Quantum Error Mitigation by Pauli Check Sandwiching

TL;DR

This paper introduces a quantum error mitigation method called Pauli check sandwiching, which uses multiple parity check pairs to detect errors without encoding overhead, improving fidelity in quantum circuits.

Contribution

The paper provides a theoretical foundation for a new error mitigation technique using multiple parity checks, applicable to arbitrary circuits and input states, with an efficient algorithm for check selection.

Findings

Achieves an average fidelity improvement of 34 percentage points with six check layers.

Applicable to a wide range of circuits, including variational algorithms.

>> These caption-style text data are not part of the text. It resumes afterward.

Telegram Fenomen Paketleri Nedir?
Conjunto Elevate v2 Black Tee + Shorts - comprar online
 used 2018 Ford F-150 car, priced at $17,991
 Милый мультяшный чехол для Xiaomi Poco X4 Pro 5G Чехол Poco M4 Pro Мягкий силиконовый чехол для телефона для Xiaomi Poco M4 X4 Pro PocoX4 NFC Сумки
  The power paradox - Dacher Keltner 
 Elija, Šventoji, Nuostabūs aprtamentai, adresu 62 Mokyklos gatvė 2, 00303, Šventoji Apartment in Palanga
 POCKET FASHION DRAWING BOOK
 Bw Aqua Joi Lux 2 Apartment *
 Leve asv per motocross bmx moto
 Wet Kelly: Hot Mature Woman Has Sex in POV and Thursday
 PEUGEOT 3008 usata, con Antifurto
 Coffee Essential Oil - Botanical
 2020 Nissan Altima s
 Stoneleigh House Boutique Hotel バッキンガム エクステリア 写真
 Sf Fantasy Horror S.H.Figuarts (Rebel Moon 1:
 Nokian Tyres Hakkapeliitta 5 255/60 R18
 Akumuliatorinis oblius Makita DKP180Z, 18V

No encoding overhead required, compatible with other error mitigation methods.

Abstract

We describe and analyze an error mitigation technique that uses multiple pairs of parity checks to detect the presence of errors. Each pair of checks uses one ancilla qubit to detect a component of the error operator and represents one layer of the technique. We build on the results on extended flag gadgets and put it on a firm theoretical foundation. We prove that this technique can recover the noiseless state under the assumption of noise not affecting the checks. The method does not incur any encoding overhead and instead chooses the checks based on the input circuit. We provide an algorithm for obtaining such checks for an arbitrary target circuit. Since the method applies to any circuit and input state, it can be easily combined with other error mitigation techniques. We evaluate the performance of the proposed methods using extensive numerical simulations on 1,850 random input circuits composed of Clifford gates and non-Clifford single-qubit rotations, a class of circuits encompassing most commonly considered variational algorithm circuits. We observe average improvements in fidelity of 34 percentage points with six layers of checks.